Eso dijo en su último aliento, antes de que en la pantalla del electrocardiograma apareciera una línea recta. Aquella noche fue la única vez en toda su vida que se comportó como un verdadero padre y fue la que me dejó marcada para siempre. Cuando se lo conté a Nieves, para ella fue más fácil creer que en sus últimos minutos de vida deliraba, que pensar que aquellas palabras salían desde el fondo de su corazón.
* * *
Justo en ese momento, las puertas del ascensor se abren y, frente a nosotros, una mujer de mediana edad le indica a Julio que llega tarde.
—Lo sé, lo sé... —contesta sin pararse, mientras tira de mí pasillo arriba. Unos metros más adelante nos detenemos en unas puertas en las que puedo leer «Sala de espera» y un folio en el que alguien ha escrito «Prohibido entrar sin una sonrisa».
—¿Preparada?
—Julio, creo que a mí se me ha olvidado sonreír —le comento nerviosa—. No me gustan los hospitales y no entiendo qué puede haber tras esa puerta que te haga sonreír.

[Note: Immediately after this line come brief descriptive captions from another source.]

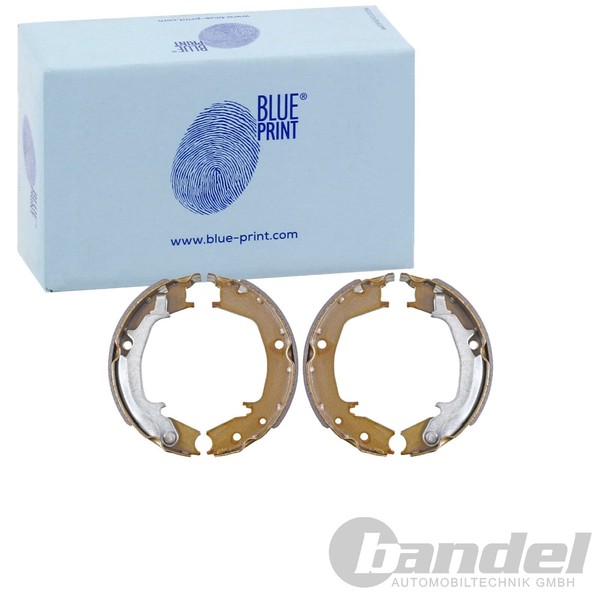 Blue Print HANDBREMSBACKEN-SATZ Passend FüR Hyundai Santa Trajet Tucson KIA-image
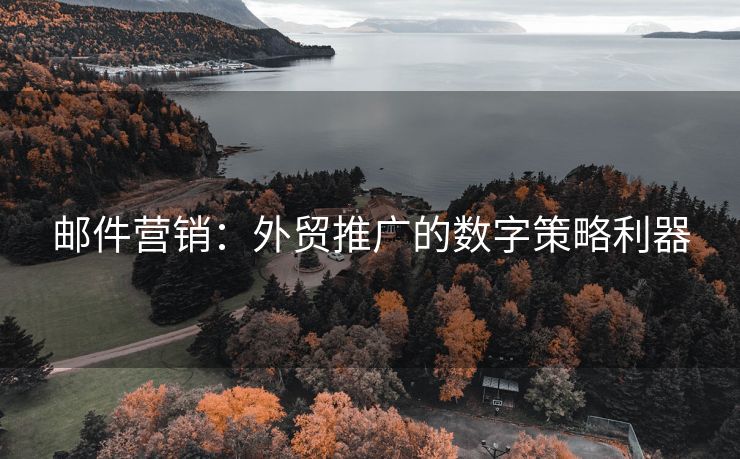 郵件營(yíng)銷：外貿(mào)推廣的數(shù)字策略利器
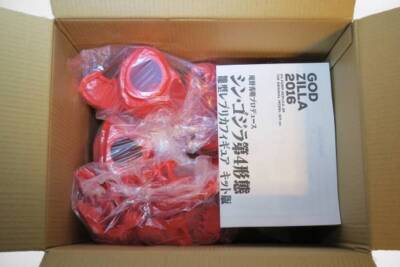 Kaiyodo Shin Godzilla 4th form Model Kit Takayuki Takeya シン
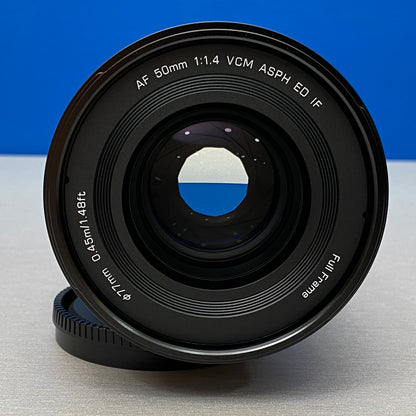 Viltrox PRO AF 50mm f/1.4 | Nikon Z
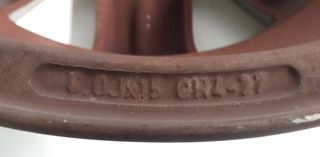 Citroen 6.0jx15ch4-27 llanta c2 1.1 332364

—No te preocupes, Sara, yo te lo recuerdo —replica dándome un pequeño beso en los labios y retirándome el pelo de la cara—. ¿Confías en mí, verdad? —me pregunta transmitiéndome seguridad.
—Sí —contesto confiada, pero sin tener ni idea de lo que me voy a encontrar tras esa puerta.
—Perfecto —me responde con una sonrisa resplandeciente y un brillo en los ojos—. Por cierto... necesitarás esto —dice antes de entrar, sin soltarme la mano.